Line 66 – 70 discuss benefits of fetal detection and that pediatric echo is used to treat. Whilst true, these statements aren’t really relevant to the paper.

Line 71 – remove “i.e.”. SV and CO are not the only measures of systolic function and are not routinely reported in most centres. It would be better to say “e.g.” and quote measures more commonly used, such as RVFAC, TAPSE, TDI S’.

Line 77 – what do the authors mean by “hemodynamics” here? This is too vague; I am genuinely uncertain what they are referring to, and the reference is to an overall guideline from 2004. As an aside, there are several more recent AHA / JASE guidelines on Fetal Echo – the Donofrio 2014 one is quoted. Moon-Grady 2023 should also be quoted: https://doi.org/10.1016/j.echo.2023.04.014.
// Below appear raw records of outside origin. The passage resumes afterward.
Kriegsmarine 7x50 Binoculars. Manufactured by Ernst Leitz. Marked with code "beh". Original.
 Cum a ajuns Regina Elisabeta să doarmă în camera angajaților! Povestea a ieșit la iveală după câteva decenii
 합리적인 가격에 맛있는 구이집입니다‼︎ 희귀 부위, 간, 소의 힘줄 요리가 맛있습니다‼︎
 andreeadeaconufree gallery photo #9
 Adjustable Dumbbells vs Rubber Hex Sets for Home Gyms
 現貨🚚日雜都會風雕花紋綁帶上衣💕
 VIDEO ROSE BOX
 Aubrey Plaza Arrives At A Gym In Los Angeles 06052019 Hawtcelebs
Line 79 – 82: I think this paragraph needs rewording. Software does not rely on automated segmentation to work, as the workflow is to manually trace the chambers. Perhaps “rely” is not the correct word? The discussion regarding segmentation is unclear, and not well referenced – only to overall guidelines. Do they mean segmentation of the image into an LV / RV for example? I think this is what they mean, and if better defined, it will help to clarify the other points. This is indeed manual. Or segmentation of the ventricles? This is done automatically by software (Tomtec, EchoPac, Syngo). Strain is not difficult to obtain, for example, a global longitudinal strain measurement on a fetal study. Strain does not “rely” on ventricular segmentation to my knowledge, although of course it relies on segmentation of the image (identification of the ventricle). This is a somewhat superficial point in a paper which is not really about automatically finding parts of the image (e.g. through an AI algorithm). The authors approach also relies upon manual identification of the annulus and apex. It is true that dividing the ventricle, particularly a SRV, into, for example, a six-segment model, is difficult, and whether the septum should be included or not (as it constitutes a variable amount of wall) in a HLHS fetus / infant is unclear.

Methods

The methodology is largely a detailed mathematical description of analysis. This is beyond my ability to review critically.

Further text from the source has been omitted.